In addition, the base stations 102, 104, and 106 and the terminal devices 108, 110, 112, 114, 116, 118, 120, and 122 may communicate with each other by using various wireless communications technologies, for example, but not limited to, a time division multiple access (TDMA) technology, a frequency division multiple access (FDMA) technology, a code division multiple access (CDMA) technology, a time division-synchronous code division multiple access (TD-SCDMA) technology, an orthogonal frequency division multiple access (Orthogonal FDMA, OFDMA) technology, a single carrier frequency division multiple access (Single Carrier FDMA, SC-FDMA) technology, and a space division multiple access (SDMA) technology, and evolved and derived technologies of these technologies. As radio access technologies (RAT), the foregoing wireless communications technologies are adopted by various wireless communications standards, so that various existing wireless communications systems (or networks) are constructed. These wireless communications systems include, but are not limited to, a global system for mobile communications (GSM), CDMA 2000, wideband CDMA (WCDMA), Wi-Fi defined in a 802.11 series standard, worldwide interoperability for microwave access (WiMAX), long term evolution (LTE), LTE-advanced (LTE-A), and evolved systems of these wireless communications systems. Unless otherwise specified, the technical solutions provided in the embodiments of the present invention may be applied to the foregoing various wireless communications technologies and wireless communications systems. In addition, the terms “system” and “network” can be interchanged with each other.

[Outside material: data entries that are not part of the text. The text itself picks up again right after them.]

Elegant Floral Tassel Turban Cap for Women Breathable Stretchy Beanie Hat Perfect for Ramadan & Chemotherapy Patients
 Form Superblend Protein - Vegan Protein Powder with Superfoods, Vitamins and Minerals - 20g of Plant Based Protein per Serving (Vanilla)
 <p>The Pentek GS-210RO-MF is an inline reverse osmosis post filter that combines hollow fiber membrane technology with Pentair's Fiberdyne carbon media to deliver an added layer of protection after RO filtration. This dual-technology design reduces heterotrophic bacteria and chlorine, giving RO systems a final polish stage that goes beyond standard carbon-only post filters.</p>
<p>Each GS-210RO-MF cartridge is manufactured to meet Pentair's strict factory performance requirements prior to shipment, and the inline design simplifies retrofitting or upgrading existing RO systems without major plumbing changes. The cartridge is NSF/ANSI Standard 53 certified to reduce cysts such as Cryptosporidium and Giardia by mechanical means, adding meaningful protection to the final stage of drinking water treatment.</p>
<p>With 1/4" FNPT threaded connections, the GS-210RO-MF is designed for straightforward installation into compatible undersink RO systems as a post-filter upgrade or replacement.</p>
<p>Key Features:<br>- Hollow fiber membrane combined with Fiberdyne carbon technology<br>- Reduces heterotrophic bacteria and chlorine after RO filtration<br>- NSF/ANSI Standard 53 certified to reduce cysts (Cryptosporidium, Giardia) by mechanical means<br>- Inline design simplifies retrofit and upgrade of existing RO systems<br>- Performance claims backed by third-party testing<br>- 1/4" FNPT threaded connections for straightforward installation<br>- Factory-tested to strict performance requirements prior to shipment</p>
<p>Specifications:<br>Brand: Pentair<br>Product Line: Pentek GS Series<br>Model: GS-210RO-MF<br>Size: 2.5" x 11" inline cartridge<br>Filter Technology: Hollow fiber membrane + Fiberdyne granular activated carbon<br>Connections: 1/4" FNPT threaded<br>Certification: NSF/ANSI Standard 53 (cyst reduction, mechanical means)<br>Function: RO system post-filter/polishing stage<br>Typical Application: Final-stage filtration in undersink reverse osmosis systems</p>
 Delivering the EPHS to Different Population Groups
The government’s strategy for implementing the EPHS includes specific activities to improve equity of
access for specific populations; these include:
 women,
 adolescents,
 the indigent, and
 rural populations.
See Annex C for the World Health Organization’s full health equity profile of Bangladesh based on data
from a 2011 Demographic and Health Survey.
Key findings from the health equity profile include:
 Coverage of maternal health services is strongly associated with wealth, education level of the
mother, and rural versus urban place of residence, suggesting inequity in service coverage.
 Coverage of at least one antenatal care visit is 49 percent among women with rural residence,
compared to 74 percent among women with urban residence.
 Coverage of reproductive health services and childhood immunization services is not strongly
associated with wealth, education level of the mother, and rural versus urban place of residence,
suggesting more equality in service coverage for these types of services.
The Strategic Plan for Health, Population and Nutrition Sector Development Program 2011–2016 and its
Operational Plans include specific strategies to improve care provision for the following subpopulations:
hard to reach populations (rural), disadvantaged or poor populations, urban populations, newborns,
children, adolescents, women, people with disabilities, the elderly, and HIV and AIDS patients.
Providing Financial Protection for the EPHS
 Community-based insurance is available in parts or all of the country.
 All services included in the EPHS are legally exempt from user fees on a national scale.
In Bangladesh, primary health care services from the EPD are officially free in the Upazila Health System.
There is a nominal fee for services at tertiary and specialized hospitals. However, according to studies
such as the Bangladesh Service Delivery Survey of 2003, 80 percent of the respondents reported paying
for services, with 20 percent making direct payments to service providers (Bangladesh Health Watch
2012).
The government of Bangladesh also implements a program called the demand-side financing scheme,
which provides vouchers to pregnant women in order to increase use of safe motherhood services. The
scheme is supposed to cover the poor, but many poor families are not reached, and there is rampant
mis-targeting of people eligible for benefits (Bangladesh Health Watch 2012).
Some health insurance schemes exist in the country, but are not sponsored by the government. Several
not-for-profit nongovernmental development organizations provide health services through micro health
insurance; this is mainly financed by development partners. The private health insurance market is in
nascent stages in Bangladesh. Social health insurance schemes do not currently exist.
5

It should be noted that the wireless communications network 100 shown in
The transceiver module 202 is configured to receive configuration information, and the configuration information is used to configure at least one PRB bundling size.
The processing module 204 is configured to determine a PRG size based on the at least one PRB bundling size.
Specifically, the PRG size may be a PRG size associated with channel measurement. The PRG size may be the same as or different from a PRG size that is in a data transmission process. The data transmission may be, for example, but is not limited to, data transmission performed by using a physical downlink shared channel (PDSCH).
In the technical solution provided in this embodiment of the present invention, the PRG size is configured by configuring the PRB bundling size. In this way, there is no need to set dedicated signaling for configuring the PRG size. This helps reduce signaling overheads caused by configuring the PRG size.
In a specific implementation process, the configuration information comes from an access device, and the configuration information may be sent by using, for example, but not limited to, one of the following signaling:
physical layer signaling;
media access control layer signaling; and
radio resource control signaling.
The physical layer signaling is also referred to as layer 1 (L1) signaling, and may usually be carried in a control part in a physical layer frame. A typical example of the L1 signaling is DCI carried on a physical downlink control channel (PDCCH) and uplink control information (UCI) carried in a physical uplink control channel (PUCCH) that are defined in an LTE standard. In some cases, the L1 signaling may alternatively be carried in a data part in the physical layer frame. For example, sometimes, the UCI may alternatively be carried on a physical uplink shared channel (PUSCH). It is not difficult to learn that a sending period or a signaling period of the L1 signaling is usually a period of the physical layer frame. Therefore, the signaling is usually used to implement some dynamic control, to transfer some frequently changed information. For example, resource allocation information may be transferred by using physical layer signaling.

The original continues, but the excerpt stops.